THE TASK
Only a number is wanted: how many lines in the listing contain the word "Apple"?

INPUT
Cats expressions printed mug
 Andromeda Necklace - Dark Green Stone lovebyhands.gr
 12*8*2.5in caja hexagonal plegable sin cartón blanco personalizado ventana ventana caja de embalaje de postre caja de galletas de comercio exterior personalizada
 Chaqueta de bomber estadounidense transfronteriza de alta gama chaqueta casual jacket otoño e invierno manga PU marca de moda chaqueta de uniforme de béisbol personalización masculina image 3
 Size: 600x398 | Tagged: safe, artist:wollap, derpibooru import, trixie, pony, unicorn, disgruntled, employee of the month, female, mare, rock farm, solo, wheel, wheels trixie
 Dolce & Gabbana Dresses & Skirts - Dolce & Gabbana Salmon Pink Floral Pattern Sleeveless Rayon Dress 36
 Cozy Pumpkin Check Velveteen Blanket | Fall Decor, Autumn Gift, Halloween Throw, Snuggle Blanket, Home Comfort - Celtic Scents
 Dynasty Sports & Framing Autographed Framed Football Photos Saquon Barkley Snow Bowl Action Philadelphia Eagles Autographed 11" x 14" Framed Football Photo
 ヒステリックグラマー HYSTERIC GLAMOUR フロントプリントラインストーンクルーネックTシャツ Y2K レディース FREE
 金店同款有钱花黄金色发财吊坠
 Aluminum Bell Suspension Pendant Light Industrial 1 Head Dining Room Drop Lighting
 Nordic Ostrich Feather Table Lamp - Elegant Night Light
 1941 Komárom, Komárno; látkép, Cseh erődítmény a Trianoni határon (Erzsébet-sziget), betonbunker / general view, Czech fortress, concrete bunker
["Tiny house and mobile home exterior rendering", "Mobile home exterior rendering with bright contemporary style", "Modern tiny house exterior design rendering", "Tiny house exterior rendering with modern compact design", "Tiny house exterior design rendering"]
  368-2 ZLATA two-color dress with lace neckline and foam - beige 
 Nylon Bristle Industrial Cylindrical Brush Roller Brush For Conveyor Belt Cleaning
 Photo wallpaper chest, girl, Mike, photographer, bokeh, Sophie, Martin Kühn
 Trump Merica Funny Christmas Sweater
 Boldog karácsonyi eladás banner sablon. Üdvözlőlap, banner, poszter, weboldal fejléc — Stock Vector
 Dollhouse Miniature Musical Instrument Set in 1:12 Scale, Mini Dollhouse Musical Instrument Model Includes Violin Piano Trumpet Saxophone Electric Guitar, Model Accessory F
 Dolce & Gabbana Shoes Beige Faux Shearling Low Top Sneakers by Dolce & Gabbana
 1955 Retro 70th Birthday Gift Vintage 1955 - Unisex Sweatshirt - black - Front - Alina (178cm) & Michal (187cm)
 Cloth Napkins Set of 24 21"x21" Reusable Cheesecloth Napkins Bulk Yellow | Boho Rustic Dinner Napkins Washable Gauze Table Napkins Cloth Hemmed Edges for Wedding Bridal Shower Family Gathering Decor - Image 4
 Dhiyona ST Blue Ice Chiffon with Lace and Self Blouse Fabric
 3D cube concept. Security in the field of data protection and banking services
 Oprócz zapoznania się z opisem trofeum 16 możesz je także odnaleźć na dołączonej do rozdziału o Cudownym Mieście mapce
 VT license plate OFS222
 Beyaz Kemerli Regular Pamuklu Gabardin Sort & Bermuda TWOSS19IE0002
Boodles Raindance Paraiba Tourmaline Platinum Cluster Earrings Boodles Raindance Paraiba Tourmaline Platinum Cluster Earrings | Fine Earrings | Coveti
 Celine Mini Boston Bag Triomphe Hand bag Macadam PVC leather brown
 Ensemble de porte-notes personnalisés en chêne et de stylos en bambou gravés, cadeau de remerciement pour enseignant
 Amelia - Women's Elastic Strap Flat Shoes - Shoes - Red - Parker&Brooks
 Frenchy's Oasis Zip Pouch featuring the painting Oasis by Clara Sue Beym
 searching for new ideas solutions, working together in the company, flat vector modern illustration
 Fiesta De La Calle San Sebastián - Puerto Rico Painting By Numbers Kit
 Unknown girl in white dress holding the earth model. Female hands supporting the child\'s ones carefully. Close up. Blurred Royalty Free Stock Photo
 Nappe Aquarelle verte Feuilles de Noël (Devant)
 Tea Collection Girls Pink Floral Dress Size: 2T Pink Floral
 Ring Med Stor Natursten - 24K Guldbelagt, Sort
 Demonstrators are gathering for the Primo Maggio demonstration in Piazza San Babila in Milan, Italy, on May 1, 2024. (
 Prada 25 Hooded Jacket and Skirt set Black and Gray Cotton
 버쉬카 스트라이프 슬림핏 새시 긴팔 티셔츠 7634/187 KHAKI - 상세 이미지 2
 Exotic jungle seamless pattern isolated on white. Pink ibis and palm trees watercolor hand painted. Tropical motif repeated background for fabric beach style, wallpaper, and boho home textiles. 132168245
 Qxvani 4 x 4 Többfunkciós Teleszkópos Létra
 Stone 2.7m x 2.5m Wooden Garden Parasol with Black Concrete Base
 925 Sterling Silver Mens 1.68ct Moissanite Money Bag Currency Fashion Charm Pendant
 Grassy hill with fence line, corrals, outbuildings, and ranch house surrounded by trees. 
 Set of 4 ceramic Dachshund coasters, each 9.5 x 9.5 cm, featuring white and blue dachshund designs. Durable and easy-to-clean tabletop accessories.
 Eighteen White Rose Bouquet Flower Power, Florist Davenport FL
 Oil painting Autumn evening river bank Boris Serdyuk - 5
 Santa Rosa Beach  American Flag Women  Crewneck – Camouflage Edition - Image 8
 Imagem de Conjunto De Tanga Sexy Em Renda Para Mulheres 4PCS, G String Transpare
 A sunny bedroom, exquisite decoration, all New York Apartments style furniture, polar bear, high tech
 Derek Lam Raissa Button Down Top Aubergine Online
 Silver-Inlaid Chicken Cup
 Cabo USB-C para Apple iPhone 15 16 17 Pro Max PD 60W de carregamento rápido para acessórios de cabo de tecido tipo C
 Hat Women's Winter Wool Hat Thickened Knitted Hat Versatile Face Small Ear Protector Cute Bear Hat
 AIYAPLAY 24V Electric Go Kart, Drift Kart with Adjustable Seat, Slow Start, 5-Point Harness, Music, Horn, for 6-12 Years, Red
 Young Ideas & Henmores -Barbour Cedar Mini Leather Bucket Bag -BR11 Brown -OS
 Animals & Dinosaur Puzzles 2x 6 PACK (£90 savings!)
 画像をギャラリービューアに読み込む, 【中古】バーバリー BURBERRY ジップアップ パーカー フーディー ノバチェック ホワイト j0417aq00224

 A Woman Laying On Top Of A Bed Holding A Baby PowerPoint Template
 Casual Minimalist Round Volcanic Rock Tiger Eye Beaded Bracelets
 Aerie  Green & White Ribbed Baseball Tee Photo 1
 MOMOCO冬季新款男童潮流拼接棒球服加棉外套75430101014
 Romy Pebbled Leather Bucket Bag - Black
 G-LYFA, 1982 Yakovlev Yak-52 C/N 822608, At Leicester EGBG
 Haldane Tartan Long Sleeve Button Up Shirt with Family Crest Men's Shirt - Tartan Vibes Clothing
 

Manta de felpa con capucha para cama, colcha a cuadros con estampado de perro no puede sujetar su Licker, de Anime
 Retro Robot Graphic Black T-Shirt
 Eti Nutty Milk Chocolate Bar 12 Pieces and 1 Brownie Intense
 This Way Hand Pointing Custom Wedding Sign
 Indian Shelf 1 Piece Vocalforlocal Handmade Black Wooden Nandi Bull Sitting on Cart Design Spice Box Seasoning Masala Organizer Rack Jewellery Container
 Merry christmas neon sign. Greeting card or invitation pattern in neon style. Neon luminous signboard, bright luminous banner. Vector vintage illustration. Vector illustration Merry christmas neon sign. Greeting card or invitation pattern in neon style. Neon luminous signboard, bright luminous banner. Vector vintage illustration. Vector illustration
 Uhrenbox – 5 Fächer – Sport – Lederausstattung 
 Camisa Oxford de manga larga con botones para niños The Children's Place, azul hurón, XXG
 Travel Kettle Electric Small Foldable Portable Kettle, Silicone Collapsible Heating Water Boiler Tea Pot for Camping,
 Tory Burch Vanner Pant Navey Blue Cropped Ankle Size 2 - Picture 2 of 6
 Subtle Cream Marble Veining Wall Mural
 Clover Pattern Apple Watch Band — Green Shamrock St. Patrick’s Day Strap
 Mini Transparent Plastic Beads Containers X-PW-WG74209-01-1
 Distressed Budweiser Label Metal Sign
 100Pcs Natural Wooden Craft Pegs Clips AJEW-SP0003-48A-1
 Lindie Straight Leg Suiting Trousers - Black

RESULT OF THE TASK
2